もうひとつのポイントですが、本作の主人公は武でも少年(ホクト)でもなく、ブリックヴィンケル(面倒なので以下『BW』)という『視点』であることが分かります。
2017年に起きた悲劇から、回復させるべくBWは終盤にその働きを見せ付けます。武とココが冬眠に入ったことを確認し、それを優春に伝える。そして、来るべき2034年での計画を作り上げ、その実行を優春と桑古木に托す。2034年に入ると優春たちに呼び出されてLeMUにやってきたホクトにつき、その行動を操る。
まさに主人公が黒幕であるという、さらに本作ではBWとプレイヤーは記憶と感情を共有できるように計算されています。言ってしまえばBW=プレイヤー、したがってプレイヤーが黒幕だったといっても差し支えのない構成となっています。
そして仕掛け以外のポイントですが、BW=プレイヤーの目的は、ココと武を助け出すことです。武を助けると同時につぐみ、そして離れ離れになっていた二人の子、ホクトと沙羅も呼び出していたことで、家族を本来の姿に戻そうというわけです。ただ、BWや優春の意図を知らないつぐみはひたすら警戒していたわけですが。
そしてBWの目的は達成され、向かえたグランドフィナーレはそれまでの過程があってこそ感動的だったといえるでしょう。

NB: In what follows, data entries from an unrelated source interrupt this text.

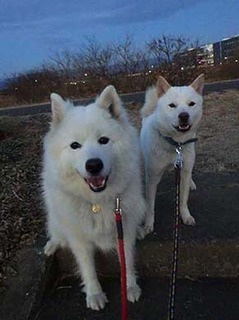 dote2012241.jpg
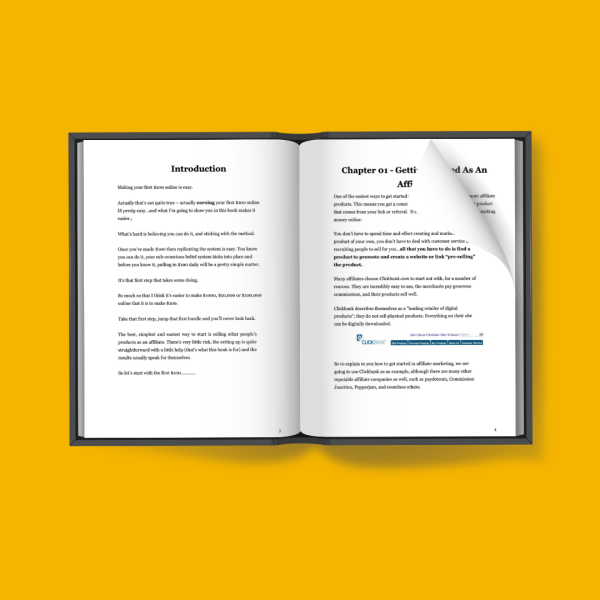 Make first $100 on the Web book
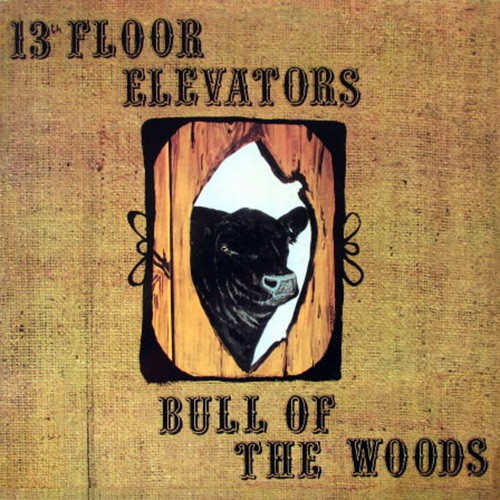 13th Floor Elevators - Bull Of The Woods, US (Or)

余談ですが、Never7とのつながりについて、作中では『キュレイ』や改正クローン法(2010年改正)、モリノシゲゾウ博士といった単語が出てきています。そしてエンディングでの年表でネバー7の出来事が2019年に起こった事であると説明されています。また、それについてですが、ネバー7でいづみが語った『キュレイシンドローム』の始まりですが、これって結局キュレイウイルスで説明されてしまいますがどうなのでしょうか。
まとめ
本作はジャンルとしては恋愛ADVですが、実際にはSFミステリADVの傑作といえる物になっています。
システムとしてはノベルゲームですが、シナリオの力で引き込んで行くのは見事だと思うしかありません。
ただ中弛みと本来のジャンルである「恋愛」要素が薄いのが欠点でしょうか。